How to Build a Minimal Viable Product (MVP)

The journey of many successful tech companies began with a simple yet effective concept: the minimum viable product (MVP). Take Dropbox, for instance, which started with a basic video demonstrating its file-syncing concept, enticing early adopters before a full-scale launch. Similarly, Twitter evolved from a rudimentary social media tool, initially named ‘twttr’, focusing on the core functionality of short messaging. Amazon, now a colossal e-commerce platform, began as a modest online bookstore, testing the waters of internet retail.

Embracing an MVP approach helps companies navigate product development with agility and foresight. By launching a product that is “good enough” to satisfy early customers, businesses can gather valuable feedback from user interviews, refine their offerings, and avoid the pitfalls of overinvestment in unproven ideas. In this article, we delve into how building an MVP can be a game-changer for startups, propelling them towards success.

What is a minimum viable product (MVP)?

A minimum viable product (MVP) is the most basic version of a product that can be released to test a business idea. This concept, popularized in Eric Ries’s The Lean Startup is part of the lean startup methodology ethos. This framework focuses on efficiency and learning from customer feedback with minimal initial investment.

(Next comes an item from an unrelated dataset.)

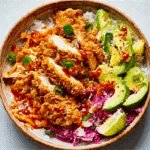 Spicy Gochujang Chicken Salad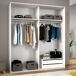 Armario 2 puertas correderas Uniq 180 Armario 2 puertas correderas Uniq 180 Blanco/ Gris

When developing an MVP, businesses face a critical balancing act: the product must be simple enough to not overcommit resources, yet comprehensive enough to clearly demonstrate its value proposition. Founders need to ensure the MVP does enough to attract early adopters and provide valuable insights, without the complexity and cost of a fully developed product. This approach allows businesses to learn from real-world feedback, adapt quickly, and steer towards a more refined and market-ready offering.

A useful MVP analogy

One of the most useful insights into how to build an MVP comes from Henrik Kniberg. The famous MVP skateboard car image is a visual metaphor that illustrates the concept of developing a minimum viable product in stages, each stage providing a functional, albeit basic, solution to the user.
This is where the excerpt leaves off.